Anastasios Hairatidis, one of Casa’s owners, had learned about the contraption — a mod-looking device about two feet tall, housed in a plain green metal box — from his business partner. He then watched a video on the website of the company that leases them, Rat Trap Distribution, and ordered one immediately, installing it this past week.
“Usually we procrastinate,” he said. But considering the increase in rodent sightings around the city, he said, and the chatter about dining sheds making the matter worse, he decided to act fast. “It’s really for the community,” said Mr. Hairatidis, who is also a landlord nearby.
The Italian-made battery-operated device, which wouldn’t look out of place in the MoMA design store, is a new development in controlling New York’s four-legged foes. They’ve also caught the attention of Mayor-elect Eric Adams. In a radio interview this fall, he called the traps “amazing” and vowed to explore deploying them across the five boroughs once he is officially leading City Hall.
Besides its innovative design and noxious chemicals, the rat trap also has a secret weapon: Oreo cookies. “Peanut butter Oreos are the best,” said Jim Webster, Rat Trap Distribution’s director of operations, while installing the contraption outside of Casa La Femme.
The scent of the cookies, crumbled and placed in the top compartment of the two-part trap, along with sunflower seeds, acts as a lure. For a week or so, rodents will be free to crawl through the device’s holes and snack as much as they want.
Once the rats become regulars and “get comfortable,” Mr. Webster said, the device will be turned on, and a platform will drop them into the lower part of the contraption, which serves as a catch basin not unlike a dunking tank at a carnival booth.
Mr. Webster emptied four jugs of a mysterious blue “proprietary” formula into the bottom part of the machine. He said the formula was mostly alcohol and had vapors that “knock the rat unconscious.” He topped the solution off with sunflower oil to “eliminate odor” from decomposition.
Not everyone is a fan of these methods, though. People for the Ethical Treatment of Animals, or PETA, prefers rodent control that focuses on garbage cleanup and sealing entry points, “not finding new ways to torment and kill small animals who are simply trying to live their lives, just like any other New Yorker,” the organization said in a statement.
Rat Trap Distribution was founded in 2019 by Pat Marino, a resident of Yonkers, in Westchester County.
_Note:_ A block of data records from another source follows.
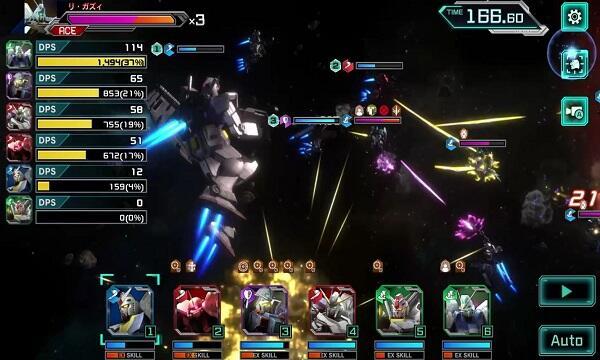 Mobile Suit Gundam U.C. Engage Mod应用截图第2张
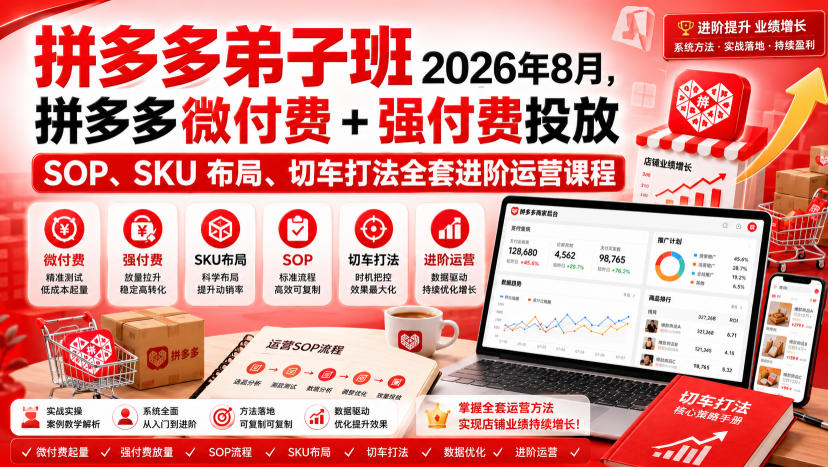 Ay干多多‑拼多多弟子班2026年8月，拼多多微付费+强付费投放SOP、SKU布局、切车打法全套进阶运营课程-轻创星球网
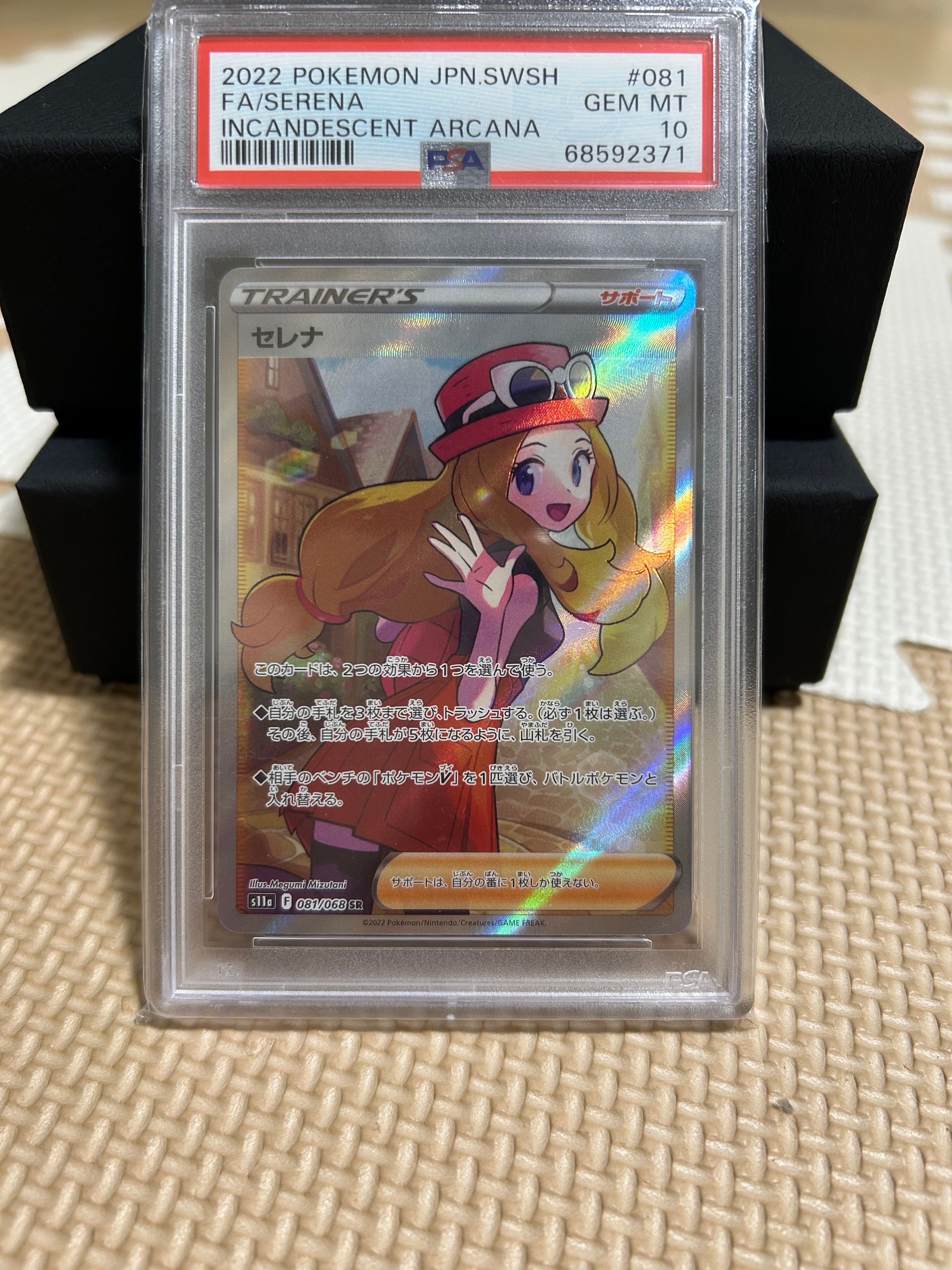 セレナ SR [s11a 081/068](強化拡張パック『白熱のアルカナ』)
He had no background in pest management but he had heard about the Italian product and saw a business opportunity. He became the sole United States distributor for the manufacturer, boned up on rat stats — two of them can produce 15,000 descendants in a year, according to National Geographic — and opened an office in Maspeth, Queens.
“I became a ratologist,” he said.
Yonkers now has a contract with Mr. Marino’s company, which leases the devices for $250 a month. Inquiries in New York, mostly from real estate management companies, picked up this fall, he said. So far, 150 to 175 of his traps have been installed in the city, from Williamsburg to West Harlem.
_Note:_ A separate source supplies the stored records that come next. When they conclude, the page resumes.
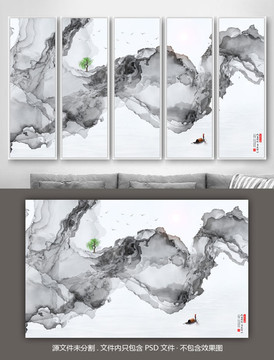水墨畫
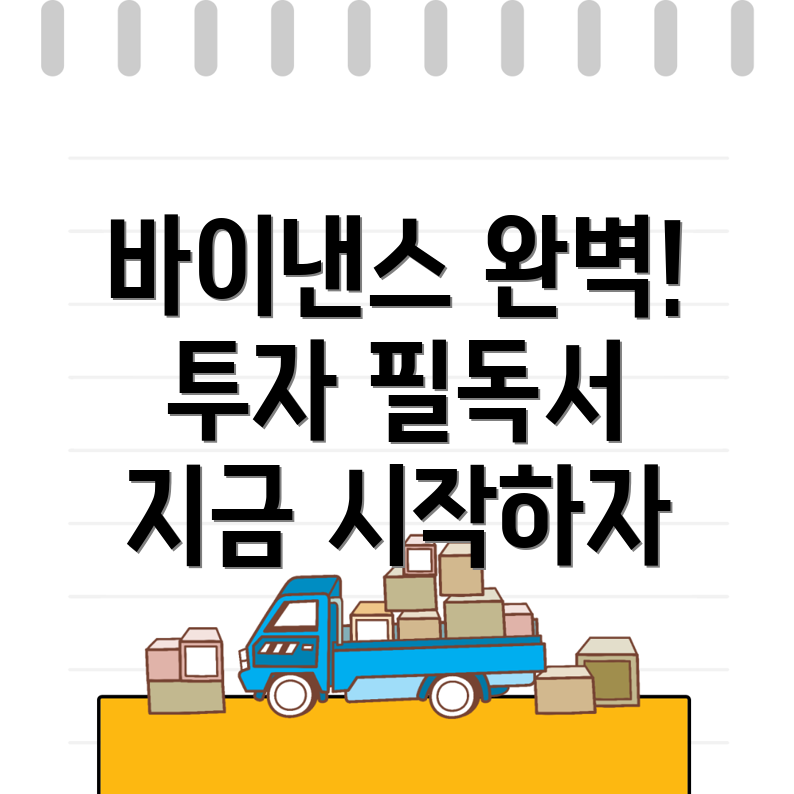 바이낸스 거래소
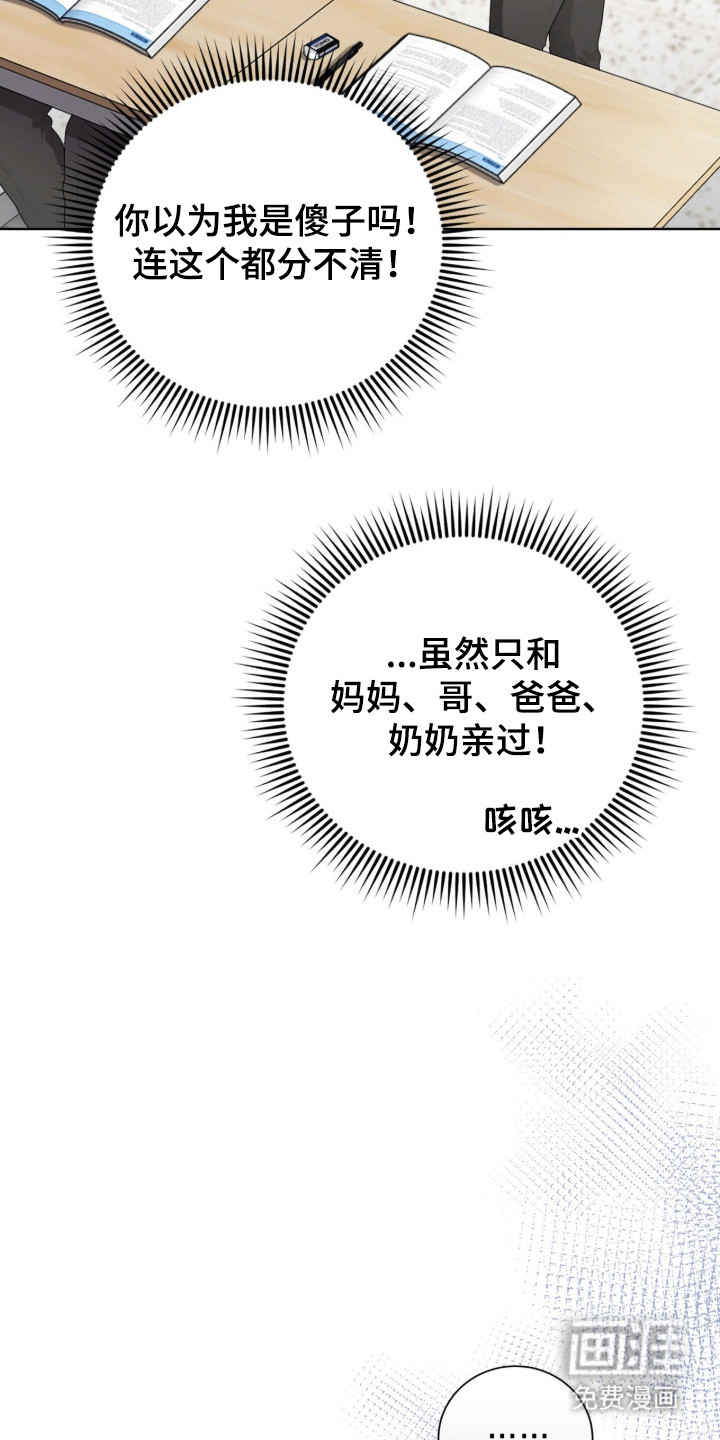 第51话12
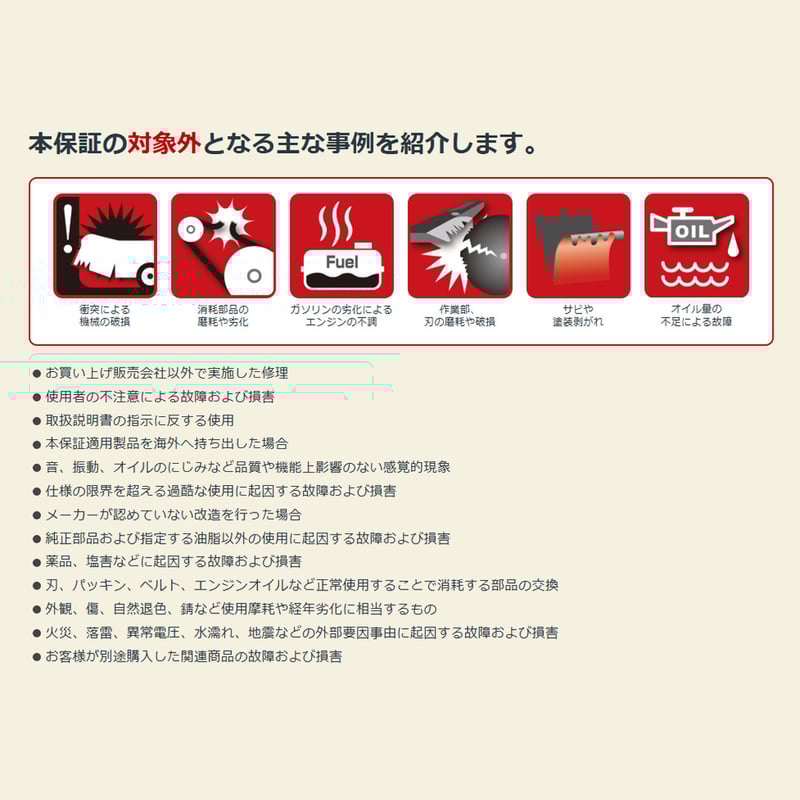 HUSE 年式は少し古いです。3回使用 HUSE 年式は少し古いです。3回使用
Servicing the traps, covered in the rental costs, includes double-wrapping and disposal of the carcasses.
For new clients, the hardest part is the waiting period before the device gets turned on, Mr. Marino said. “They want to see instant results.”
Uptown, at a development on West 90th Street, several traps were installed in August and hundreds of rats had been captured since then, the property manager said.
However, she could not say that she had noticed a difference in the rat population around the complex, because she’s still seeing the creatures everywhere.